═══ The data ═══

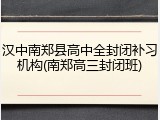汉中南郑县高中全封闭补习机构(南郑高三封闭班)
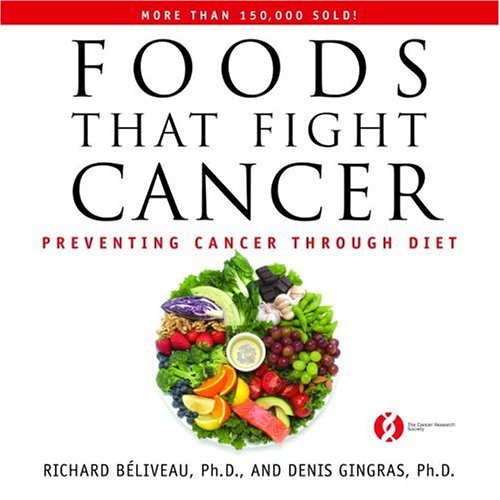 9780771011351: Foods That Fight Cancer: Preventing Cancer Through Diet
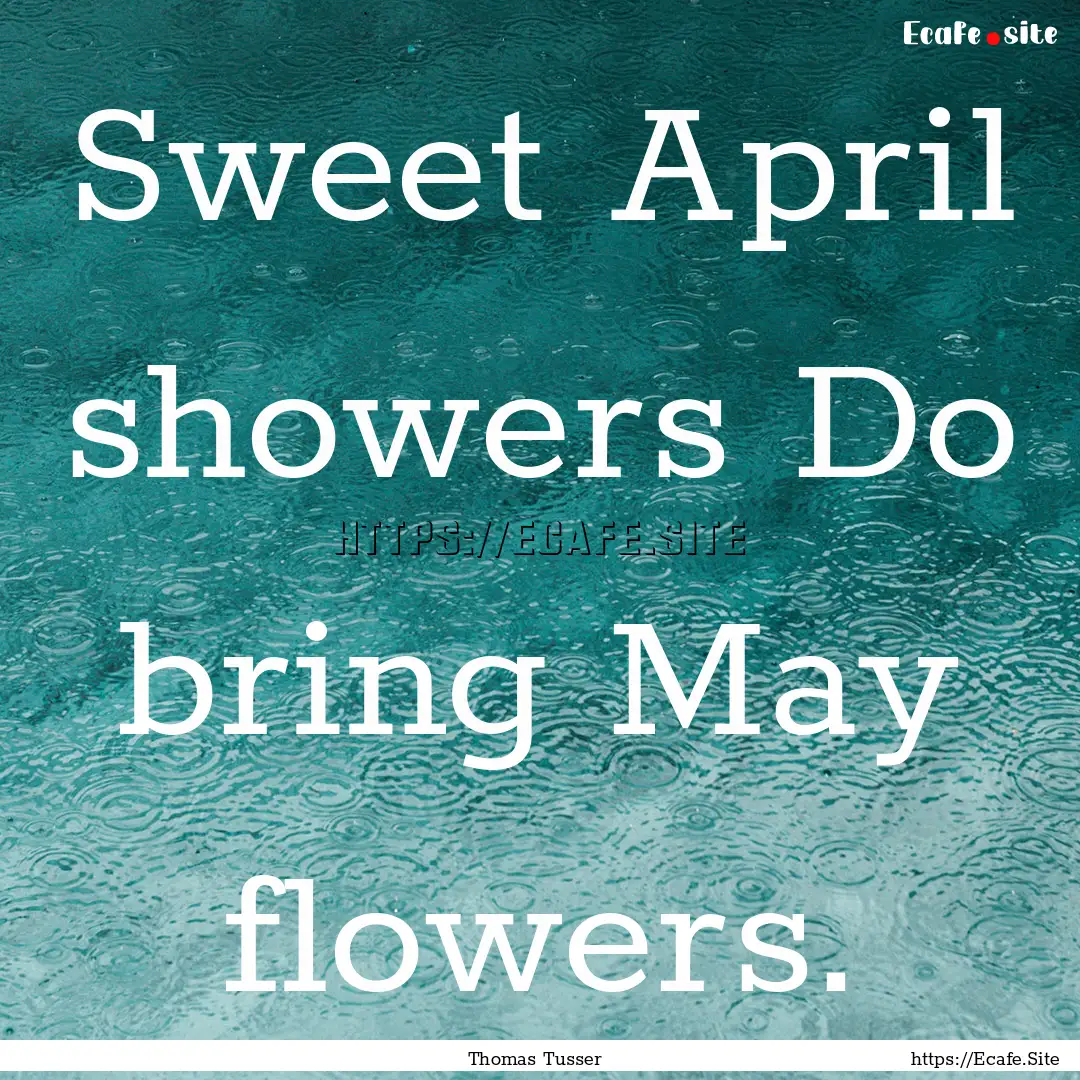 Sweet April showers Do bring May flowers..... : Quote by Thomas Tusser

═══

**Problem**.
Please write out all the data word for word, but keep every picture out.

**Response to this exercise**.
汉中南郑县高中全封闭补习机构(南郑高三封闭班)
 9780771011351: Foods That Fight Cancer: Preventing Cancer Through Diet
 Sweet April showers Do bring May flowers..... : Quote by Thomas Tusser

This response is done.